Latest From Woody Allen Almost Works
TO ROME WITH LOVE (2012/IN THEATERS) Originally titled Nero Fiddled, then Bop Decameron, Woody Allen’s ode to the eternal city is less successful than his recent tributes to Paris (Midnight in Paris) and Barcelona (Vicky Cristina Barcelona). This time he gives us four completely separate stories that never link up but do at least arrive at endings that will leave you smiling as you exit the theater. Roberto Benigni stars in one of the stories as Leopold Pisonello, an “everyman” who is suddenly famous—and hounded by the paparazzi in true Italian-style. In a lovely and very Woody Allen-ish philosophical discussion, his limo driver observes that, given the choice, fame is better than being ordinary, even if one has done nothing to deserve it. Jesse Eisenberg plays Jack, a young architecture student living in Rome with his very pleasant girlfriend (Greta Gerwig) who falls in love with her friend–an out-of-work actress (Ellen Page) playing the intellectual/sexual/nervous seductress role often seen in Allen’s films. Sitting in the background during these scenes and commenting throughout is Alec Baldwin, a successful architect who is reliving his years in Rome through Jack. The “Play It Again Sam” style advice scenes are fine, but nowhere near as good as the originals where Bogart himself gave a young Woody Allen love advice. And Ellen Page seems a strange choice for a “seductress”—too short perhaps? Judy Davis and Allen himself play a married U.S. couple heading to Rome to meet their daughter’s fiancé and his family. Allen is in fine form IMHO as a retired producer of weirdly staged operas who becomes obsessed with featuring the father of the Italian family (played by real-life opera tenor Fabio Armiliato) in a production of Rigoletto. The big hitch: the father can only sing in the shower–leading to some slapstick scenes reminiscent of early Allen (especially 1972’s “Everything You Always Wanted to Know About Sex…” and the episode featuring the woman who could only achieve an orgasm in public).

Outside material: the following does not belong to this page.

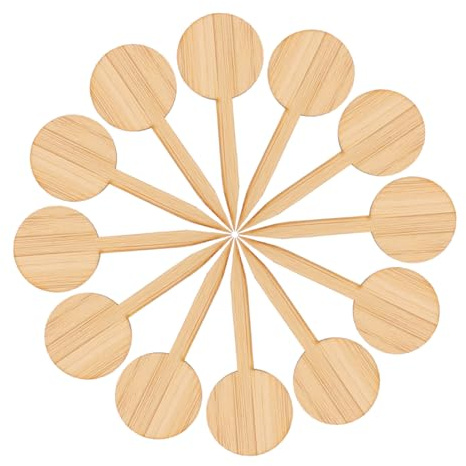 WEKADRIN 20 Pezzi Etichette Piante in Bamboo Naturale Mini Marcatori Spessi Forma T per e Segnapiante Resistenti Facili da Inserire per Piantine e Bonsai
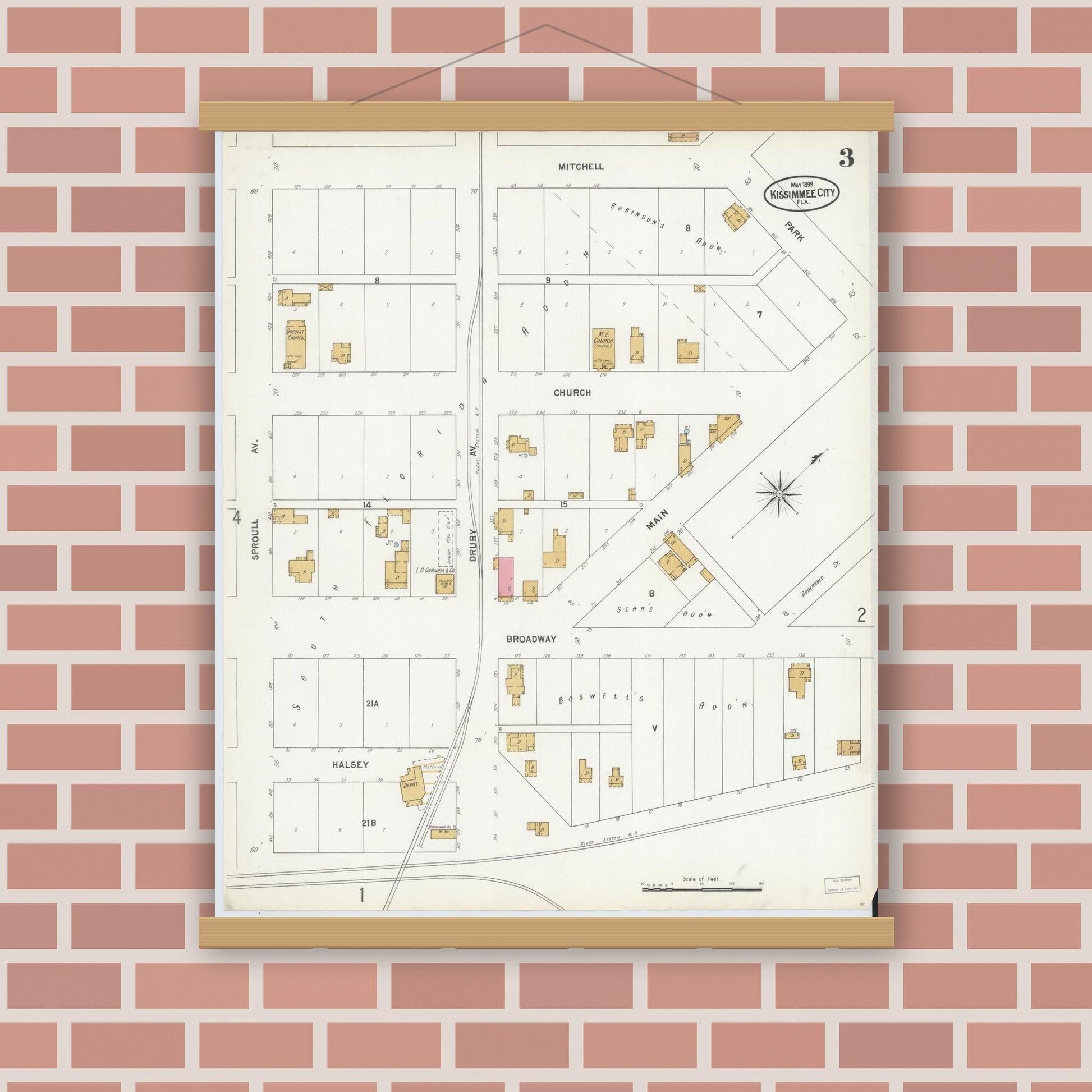 Old map wall art mockup — magnetic wood frame on brick wall — Sanborn Fire Insurance Map from Kissimmee, Osceola County, Florida (1899), Sheet #0003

Finally we have the story of a young Italian couple from the country who are in Rome to meet the successful relatives and start their city life, only to get separated and experience interesting encounters—his involving Penelope Cruz as a hired prostitute and hers with a famous actor. There’s plenty of fun in the film for sure and the audience in my theater laughed out loud at several points. But I will have to say that at times the movie really lagged, feeling a bit flat or forced. Oh well. As Allen himself said recently at the LA Film Festival, “I probably had more fun making this movie than you will have viewing it.” Who cares? We love you Woody and we’ll see everything you bring us. Strongly recommended it to all Woody Allen fans. Enjoy!